Previously, the PON2 Ser311 allele has been shown to increase the risk of CAD in an Asian Indian sample (Sanghera et al. 1998a). However, in the present study, we found that the PON2 Cys311 allele was associated with CAD risk. The frequencies of both the Cys allele (0.293 vs. 0.219; P=.06) and the Cys/Cys genotype (15.2% vs. 4.6%; P=.018) were higher in the group with three-vessel disease than in the groups with one-vessel or two-vessel disease. The adjusted OR for the PON2 codon 311 Cys/Cys genotype was 3.68 (95% CI 1.26–10.68; P=.017) for the development of three-vessel disease. Additional functional studies with the PON2 Ser311Cys allelic isoforms may help to determine the role that this polymorphism plays in the etiology of CAD. Like PON1 and PON3, PON2 also prevents LDL oxidation (Ng et al. 2001). However, unlike PON1 and PON3, PON2 is not associated with HDL and may exert its antioxidant function at the cellular level. The present study is the first study to show that the PON1 codon 192 Arg/Arg and PON2 codon 311 Cys/Cys genotypes are significantly associated with CAD severity in terms of the number of diseased vessels but not in terms of stenosis severity. We could hypothesize that PON1 and PON2 are not involved directly in the early stage of stenosis development but instead are involved in the late stage of multivessel-disease development. This hypothesis may also explain some of the inconsistent results in previously reported case-control studies, especially for the PON1 polymorphisms. If this hypothesis is true, because the patients/case subjects included in each reported study may vary with regard to disease severity, those studies including patients with more severe CAD (i.e., having multiple vessels with ⩾50% stenosis) would detect a stronger association than those with fewer severely affected patients. Alternatively, LDL oxidation and HDL-associated PON protective action affect all stages of atherosclerosis, and the lack of association with the single-vessel and double-vessel disease in the present study may be due to the complex nature of atherosclerosis. However, detailed functional data on PON1 and PON2 would be essential, to verify whether these two genes are involved in the early or late stage of CAD development.

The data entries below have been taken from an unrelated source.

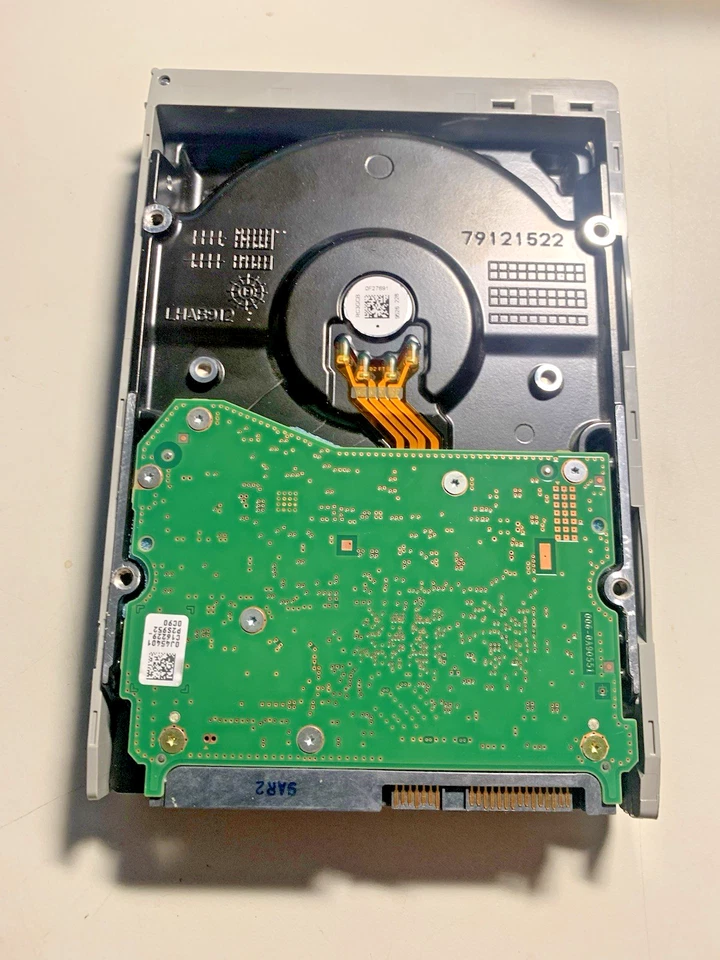 HGST Ultrastar DC HC510 10To 7.2K 256Mo SAS 12Gb/s 3.5" HUH721010AL4204 - Imagen 2 de 4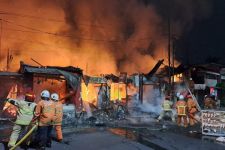 Ruko Abon Sapi dan Barang Antik di Surabaya Ludes Terbakar - JPNN.com Jatim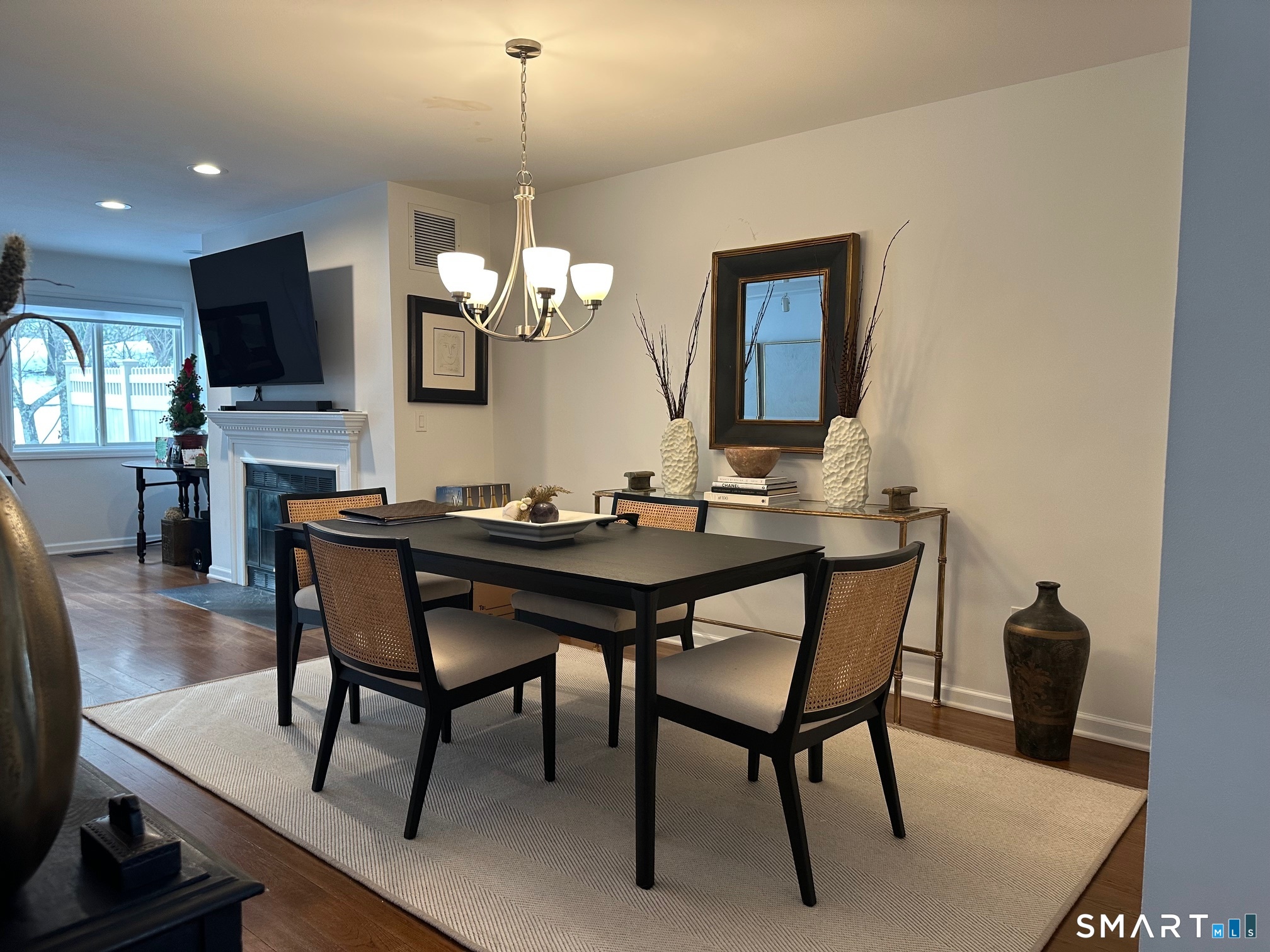 12 Boulevard Drive 15-104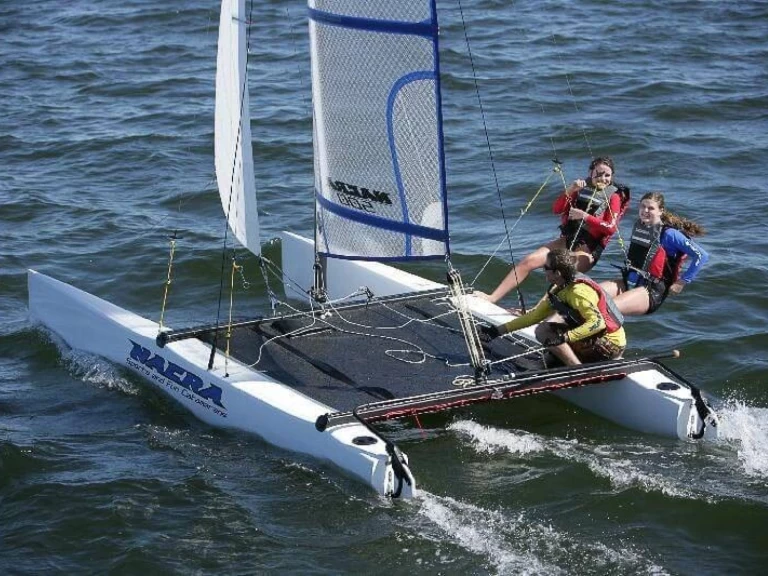 Yacht charter Carnac billig 500 FUN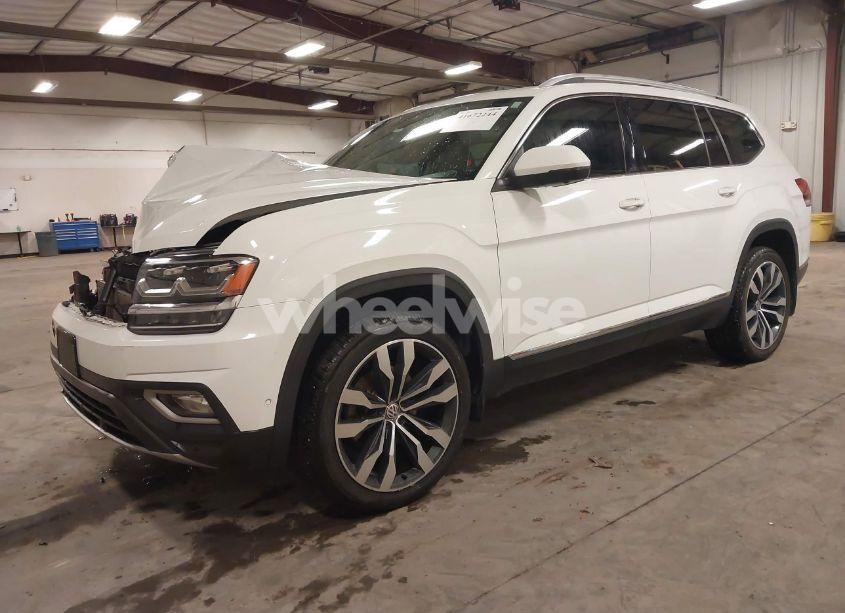 Photo 2 of 2019 Volkswagen Atlas 3.6L V6 SEL PREMIUM (VIN 1V2NR2CA6KC609119)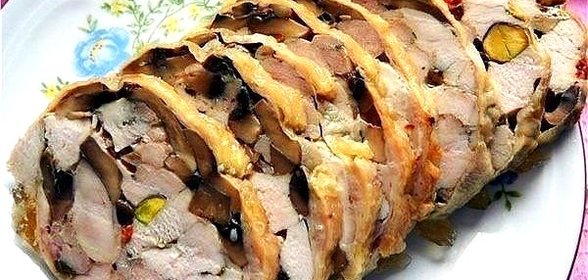 Рулет куриный с грибами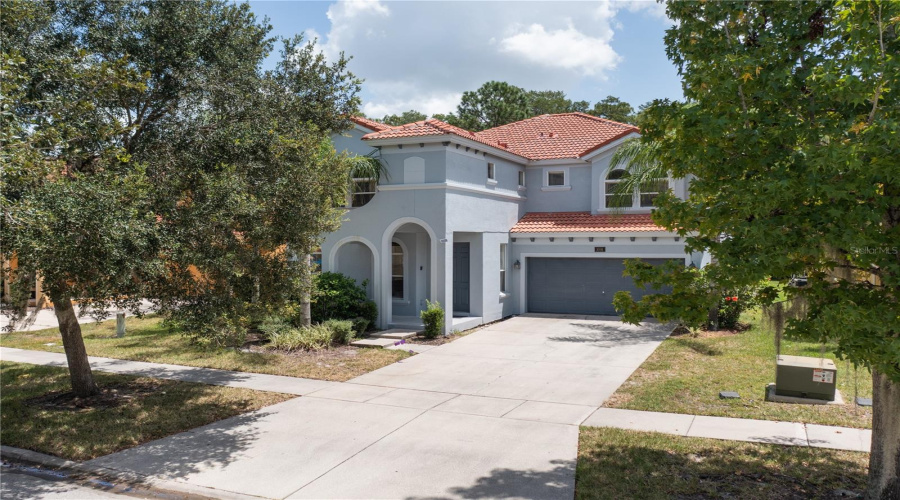 KISSIMMEE, Florida 34746, 6 Bedrooms Bedrooms, ,5 BathroomsBathrooms,Residential,For Sale,MARCELLO,0,MFRO6381209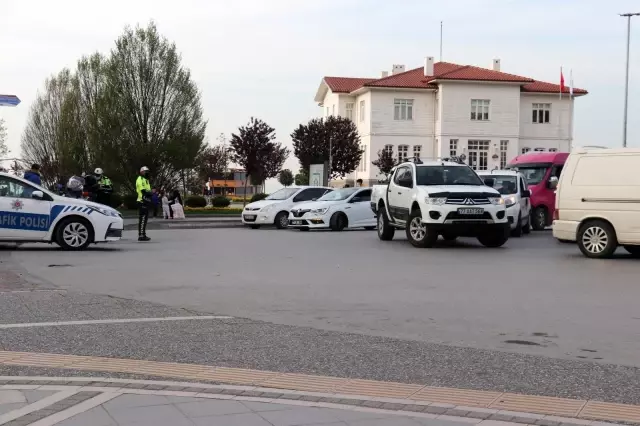 Yalova'da tam kapanma dönemi denetimleri başladı Yalova'da tam kapanma dönemi denetimleri başladı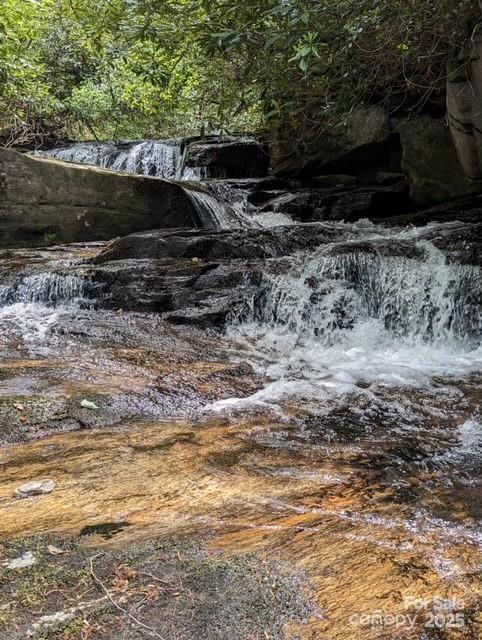 Round Mountain Falls - Land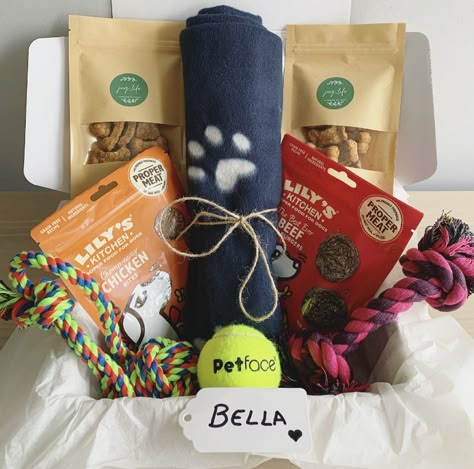 Dog Hampers Gift Baskets, Dog Box Ideas, Paw Print Blanket, Birthday Gift Hamper, Dog Gift Basket, Dog Wrapping Paper, Cute Treats, Dog Gift Box, Hamper Gift Basket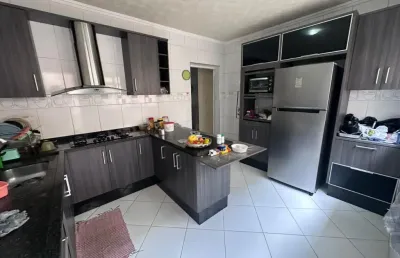 Aluga-se sobrado 4 dormitórios 5 vagas de garagem com salão em cima no jd bela vista - com piscina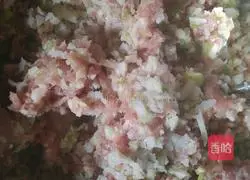 Illustration of how to make pot stickers with lotus root and meat stuffing 8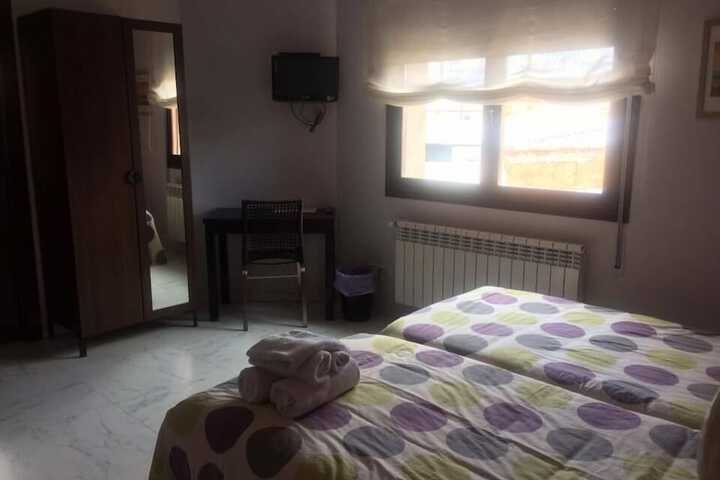 Room 2 of 67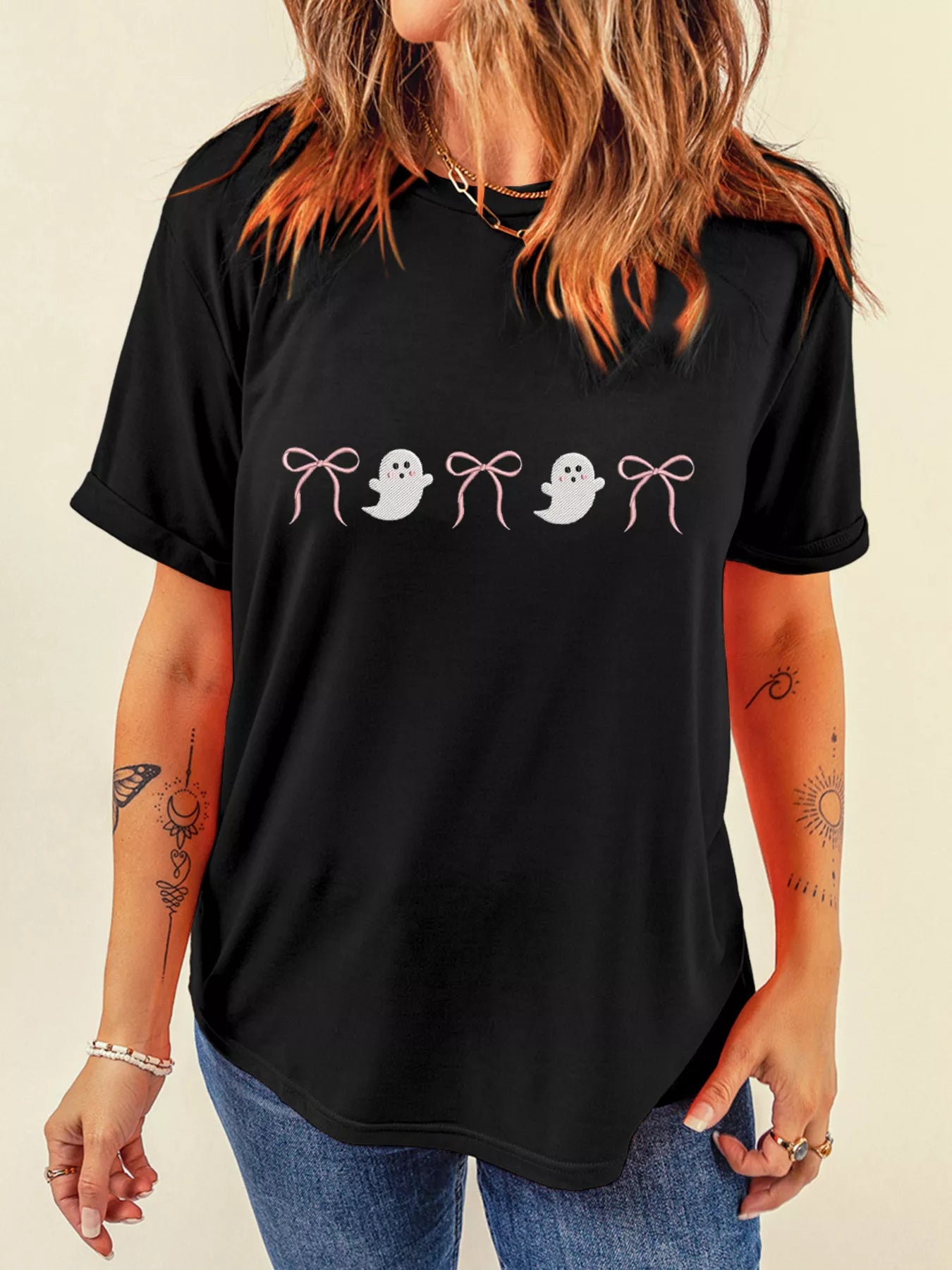 Halloween Women's T-Shirt Black Ghost Bow Graphic Short Sleeve Top Black 042f575e359745b69e258046a7544c20-Max-Origin Trendsi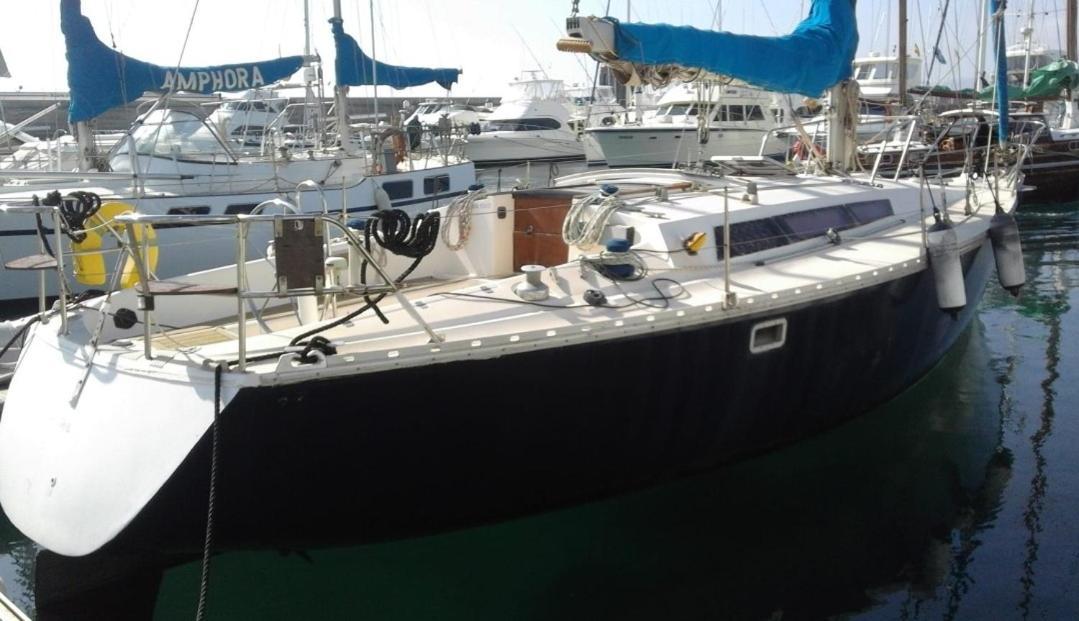 Spirit Of Shackleton Yacht Hotel Пуерто Калеро Екстериор снимка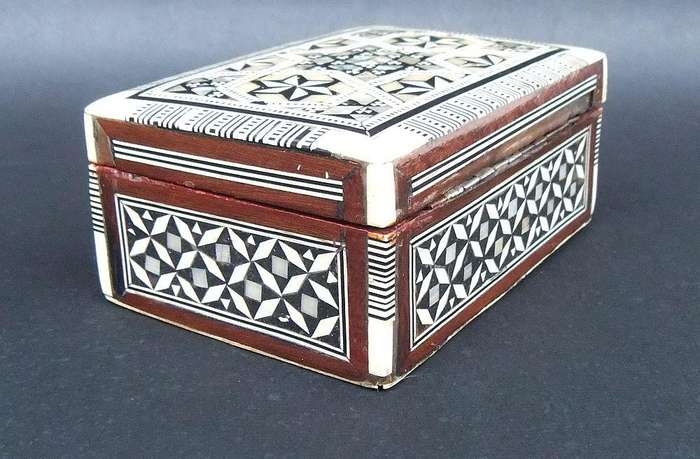 A BEAUTIFULLY MADE VINTAGE JEWELRY OR TRINKET BOX WITH MOTHER OF PEARL AND BONE INLAY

The results of the haplotype analyses were consistent with the single-site analyses and also showed significant association with CAD severity and PON haplotypes (P=.012). Since all three genes (PON1, PON2, and PON3) are linked on chromosome 7, a detailed characterization of the structure-function relationship of PON mutations would be helpful in elucidating their biological mechanisms in CAD.

The analyses of the interactions among the three genotypes and the genotype-biological factors might further support the hypothesis that PON1 codon 192 and PON2 codon 311 have functional effects on risk of CAD. For example, we found an interaction (P=.05) between PON1 codon 192 genotype and BMI in affecting the risk of CAD. This result suggests that the effect that the PON1 codon 192 polymorphism has on the risk of CAD may differ among groups with high or low BMI levels. Because obesity (BMI>30) is a significant risk factor for coronary disease (Al Suwaidi et al. 2001), this result is logical, although additional analyses will be needed to understand the mechanism of this possible interaction. We also observed an interaction between the PON2 codon 311 polymorphism and HDL cholesterol. By itself, the PON2 codon 311 polymorphism was associated with an increased risk of CAD (OR 4.26). However, by the inclusion of an interaction with HDL cholesterol, which is inversely associated with CAD risk (Gordon et al. 1989), the PON2 codon 311 polymorphism was associated with decreased risk of CAD (OR 0.93). This result indicates that the association between the PON2 codon 311 polymorphism and CAD risk may differ among specific population subgroups (e.g., individuals with low versus high HDL-cholesterol levels). However, because of the fairly large number of comparisons (n=27) that we did in the interaction analyses, these two marginally significant interactions are provisional and will need to be replicated in additional studies.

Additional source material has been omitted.